In this section, Kate Mytty describes how she grounded EC.716 D-Lab: Waste in tangible experiences that helped students think critically about their role in waste infrastructure systems.
Identifying the Waste We Create
Waste is very tangible and an important part of this course was exploring the realities of waste through hands-on exercises and field trips. We began the course by exploring students’ personal awareness about the waste they create. Students spent the first week collecting their waste and carrying it around with them. At the end of the week, they brought their waste to class and we sorted it. We determined where items would go once they entered our waste system, and which items were recyclable—or if not labeled as such, their potential alternative uses.

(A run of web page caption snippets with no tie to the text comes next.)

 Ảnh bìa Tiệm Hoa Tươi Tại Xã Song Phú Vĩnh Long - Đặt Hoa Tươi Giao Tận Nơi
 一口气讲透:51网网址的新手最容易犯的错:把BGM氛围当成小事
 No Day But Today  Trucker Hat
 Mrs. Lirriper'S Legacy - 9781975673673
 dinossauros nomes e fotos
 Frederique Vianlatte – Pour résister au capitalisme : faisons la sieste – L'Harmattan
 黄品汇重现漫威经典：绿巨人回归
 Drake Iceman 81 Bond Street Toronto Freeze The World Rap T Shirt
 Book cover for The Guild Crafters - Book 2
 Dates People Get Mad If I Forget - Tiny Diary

In our second exercise, we engaged students in an activity in which they selected three items from their backpacks, such as laptops, phones, calculators, etc., and identified where the materials in those items were sourced and where they would be disposed of once they left the students’ hands. They also attempted to determine what percentage of each item could be reused in some shape or form. This was meant to show students how the items in their bag related to global material flows.
A Hands-on Lab Experience
One of the lab experiences in EC.716 D-Lab: Waste challenged students to create a spot welder from materials stripped from a microwave that no longer functioned. This lab gave students hands-on experience thinking about electronic waste (also known as “e-waste”), which is one of the largest issues facing the international community. E-waste is produced every time a company announces the launch of a new product and people dispose of their old products. We’re faced with the question of what to do with all of this e-waste. How can we reuse it instead of putting it in a landfill? Some international communities have developed informal sectors to manage e-waste. People in these sectors strip the discarded products for every valuable part they contain. They then sell these parts up the materials flow chain. Creating a spot welder from microwave parts gives students a sense of how this process works.

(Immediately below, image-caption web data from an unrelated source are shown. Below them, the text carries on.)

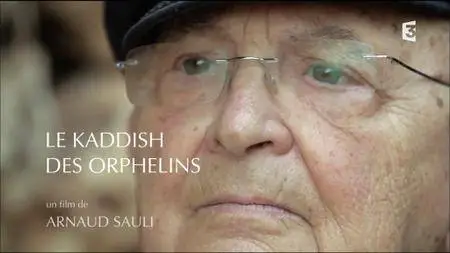 (Fr3) Aharon Appelfeld, le kaddish des orphelins (2016)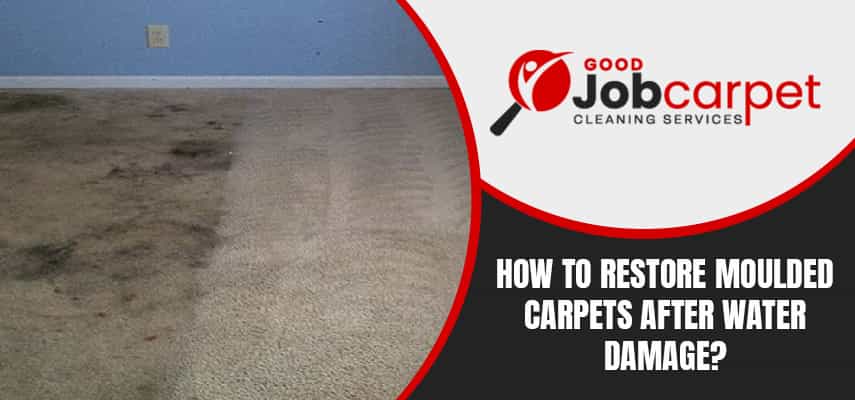 Restore Moulded Carpets After Water Damage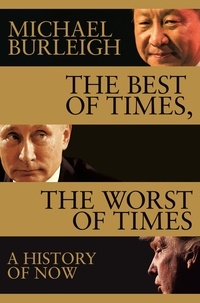 Michael Burleigh - The Best of Times, The Worst of Times - A History of Now.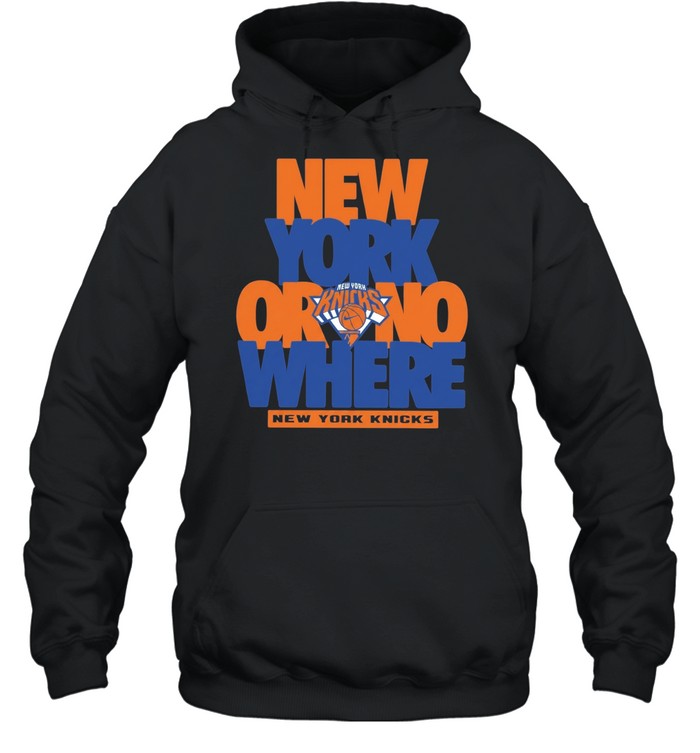 New York Knicks Or No Where New York Unisex Hoodie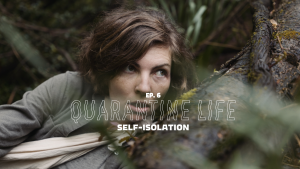 Quarantine Life, Episode 6: SELF-ISOLATION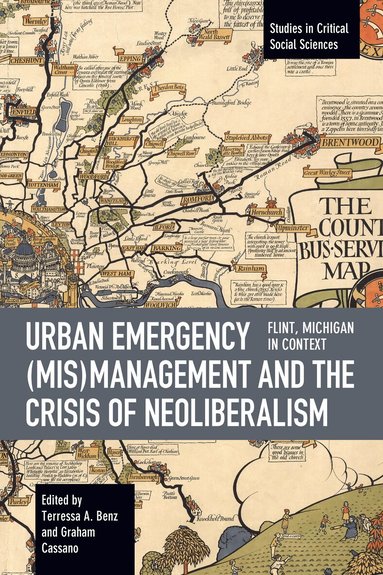 Terressa A. Benz, Graham Cassano - Urban Emergency (Mis)Management and the Crisis of Neoliberalism, Häftad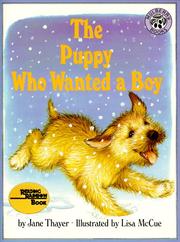 Cover of: The Puppy Who Wanted a Boy by Jane Thayer, Lisa McCue (Illustrator)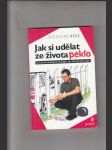 Jak si udělat ze života peklo (Zaručeně osvědčené strategie, jak uškodit sami sobě) - náhled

It was awesome to see students come to understand an electronic device they know so well in a completely new way. For instance, when they tried to strip copper from the microwave, they learned they first had to first strip away the metal tubing and glue encasing it. The tangible act of taking apart the microwave helped them gain a new sense of the complexity within the device.
Students spent three hours on this lab and were very excited by the fact that it was possible to take a microwave that didn't work anymore and turn it into a spot welder that allowed them to weld together other pieces of metal that they brought to the lab. In other words, they were both deconstructing something but also constructing very different objects in response to it. They were also struck by the fact that, even after reusing parts of the microwave, they were still left with over 90% of the electronic device that wouldn’t be used an any other capacity and would likely end up in a landfill.
Field Trip to a Landfill
Most people, at least in the United States, have limited direct exposure to our waste infrastructure. Our understanding begins and ends with our own trash bins. We might bike or drive behind a trash pickup vehicle, but for the most part, we don’t know what paths our leftover materials (such as our microwaves) follow after we dispose of them. In other words, we tend not to understand waste from a systemic perspective. Our field trip to the Massachusetts Southbridge Landfill was one way we tried to encourage students in EC.716 D-Lab: Waste to develop a more systemic perspective.
The field trip also helped students understand, in a visceral way, the technologies involved in our waste infrastructure system. In particular, students learned about bio gas production at Southbridge Landfill. They also gained exposure to how how the technology behind landfill linings has changed over the years. At Southbridge, students saw a crosscut of these linings and learned about the different materials used to construct them.
Additionally, staff members talked with students about how they use technology to protect local wildlife and to keep the landfill smell from infiltrating nearby areas. Overall, students were blown away by the different types of technologies needed to control waste and gained a sense of the technical speciality involved in proactive landfill management.
We invested a lot time in tangible experiences like the ones described above because we hoped to use the course as a doorway into conversations about how students might change their own waste habits. At the end of the Fall 2015 offering of EC.716 D-Lab: Waste, a student told me that the class helped her become more aware of the ways in which waste is a decision. Other students had a conversation about how they made a waiter at a restaurant uncomfortable by refusing a plastic drinking straw. We discussed how we have constant negotiations with others about who gives us waste and what we accept. These kinds of comments and conversations tell me the tangible experiences we offer students are helping them to think critically about their role in our waste infrastructure system.